Leo alzó la cabeza. Su cara parecía moteada, como piel de fresa. Su nariz había empezado a moquear. Exhaló un suspiro. Luxford sacó su pañuelo y se lo pasó.

– Suénate -dijo-, y luego come.

– A lo mejor le agrada un dulce -dijo la camarera-. ¿Te apetece, cariño? ¡Qué cara más bonita! -dijo en voz baja a Luxford-. Parece uno de esos ángeles pintados.

– Gracias -dijo Luxford-, pero es todo cuanto necesita en este momento.

¿Y después de aquel momento? Luxford no lo sabía. Cogió el cuchillo y el tenedor y troceó la ternera. Leo dibujó desconsolados garabatos con ketchup sobre su montaña de patatas fritas. Dejó el frasco y contempló el plato, con los labios temblorosos. Se avecinaban más lágrimas.

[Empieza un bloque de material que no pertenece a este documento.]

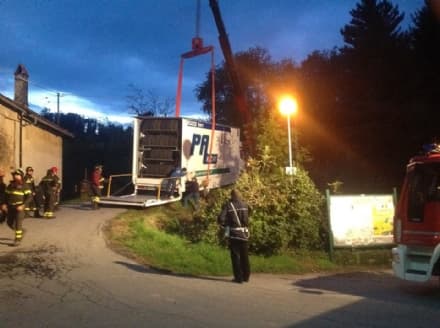 CUORGNÈ - Camion in bilico nella scarpata - FOTO e VIDEO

– Come, Leo -dijo Luxford mientras masticaba la ternera que, para su sorpresa, estaba absolutamente deliciosa, fuera de vaca pequeñita inocente o no.

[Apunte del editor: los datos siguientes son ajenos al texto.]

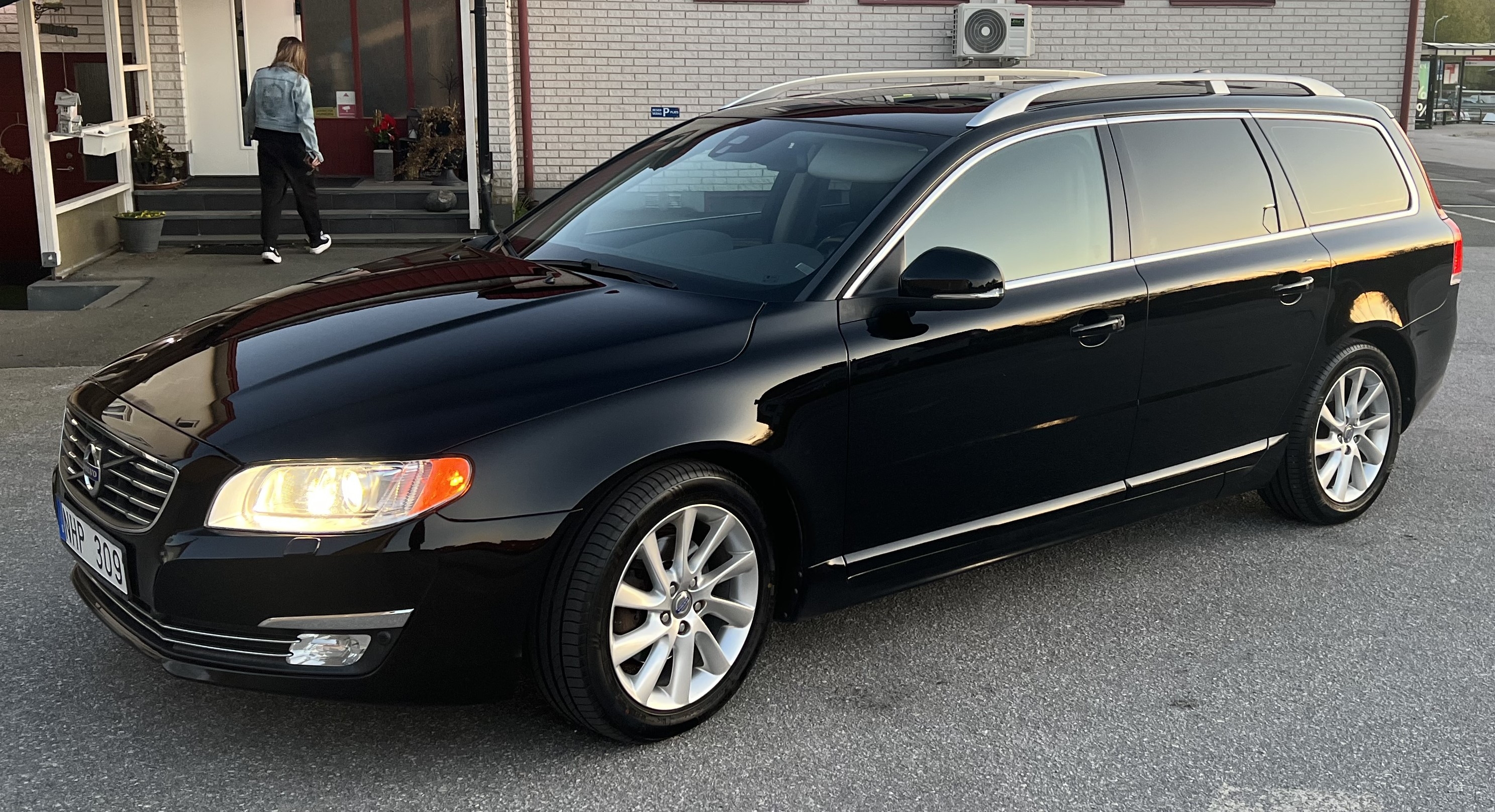 Volvo V70 D2 Manuell 2014, kuva 2/5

– No tengo hambre. Me noto la boca rara.

– Leo, he dicho que comas.

Leo sorbió por la nariz y ensartó una sola patata, de la que mordió un pedazo minúsculo que procedió a masticar. Luxford pinchó más ternera y miró a su hijo. Leo dio un segundo mordisquito a la patata, y después un tercero aún más pequeño. Siempre había sido un artista en traslucir desafío mediante un acto de aparente obediencia. Luxford sabía que podía obligarle a comer como era debido, pero no quería otra ronda de lágrimas en público.